National Bank of Ukraine raises rates, despite falling core and headline inflation

National Bank of Ukraine governor Yakiv Smolii
NBU governor Yakiv Smolii
Photo: National Bank of Ukraine

The National Bank of Ukraine has reaffirmed its goal of reducing inflation to 5% by the end of 2019, after more than a year of being unable to meet its monetary policy targets.

On July 12, the NBU raised its policy rate by 50 basis points to 17.5%, saying it was necessary, despite falling headline and core inflation. Ukraine’s year-on-year inflation fell to 9.9% in June – the lowest figure for more than a year.

Four days later, on July 16, the central bank published a revised inflation strategy, setting a goal of 5% inflation by the end of 2019, plus or minus one percentage point.

In a statement released on July 12, the NBU said the fall in headline inflation was largely caused by better-than-expected food supply, caused by hot weather conditions. The central bank said core inflation fell to 9%, which it described as lower than expected, but still a sign of high inflationary pressure.

Core inflation’s continuing strength was largely due to “sustained growth in consumer demand”, led by “a rapid rise in incomes that substantially outpaces the rates of economic growth”, the NBU said.

But the central bank predicted that monetary policy would be able to reduce inflationary pressure in the second half of 2018 and in 2019. Tighter monetary policy should be able to curb “higher than expected domestic demand”.

It should also be able to influence inflation expectations, which were currently running ahead of the NBU’s inflation targets. There would be less demand for Ukrainian sovereign debt “as a result of the global trend of exiting developing countries’ assets”.

The NBU’s new inflation goal for 2019 effectively returns to the aims of its monetary policy strategy for 2016-2020, which the central bank’s board approved in August 2015. The document was its first explicit inflation target and one of a series of major reforms by then-governor Valeria Gontareva.

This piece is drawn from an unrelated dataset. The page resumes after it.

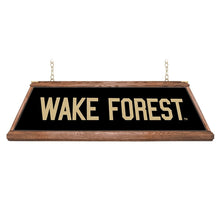 Load image into Gallery viewer, Wake Forest Demon Deacons: Premium Wood Pool Table Light - The Fan-Brand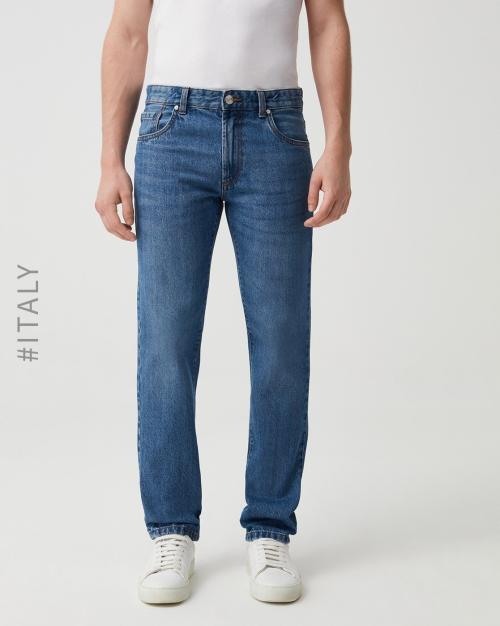 Lightly Washed Straight Fit Jeans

The strategy envisaged 12% inflation, plus or minus three percentage points, by December 2016; and 8%, plus or minus two percentage points, a year later. The NBU then aimed for 6%, again plus or minus two percentage points, by the end of 2018; and 5%, plus or minus one percentage point, by 2019.

Ukraine’s inflation was 12.4% in December 2016, within the NBU’s target range. But the central bank failed to meet its 2017 goals, after an unexpected surge in inflationary pressures.

Between May 2017 and March 2018, Yakiv Smolii served an unexpectedly extended period as interim governor, after Gontareva resigned and Ukrainian politicians failed to agree on a successor. Smolii’s position was ultimately made permanent.

New deputy governor takes up role

The NBU also announced on July 23 that Sergii Kholod has taken up his role as deputy governor in charge of payment systems and cash circulation. 

He was appointed to the role on June 15, by the central bank’s governing council, after being chosen in what the National Bank of Ukraine described as a public, transparent process. He will take charge of the National Bank of Ukraine’s payment systems and cash-circulation operations.

Kholod’s responsibilities will include oversight of the NBU’s mint and banknote-printing works, as well as the IT department. He will have a seat on the board of the central bank, along with governor Smolii, first deputy governor Kateryna Rozhkova and three other deputy governors.

The NBU’s payment systems department has additional responsibility for encouraging technological innovation in Ukraine’s financial sector. When Kholod was nominated, Smolii described him as the candidate best qualified to help the central bank expand Ukraine’s cashless payment systems and encourage new fintech initiatives.

Smolii said Kholod combined experience of working at both the NBU and in the private sector, and praised his “experience of building and developing the NBU electronic payment system”. The governor said Kholod’s return to the central bank would “bring a new strategic vision of the innovative development of the central bank and the banking sector”.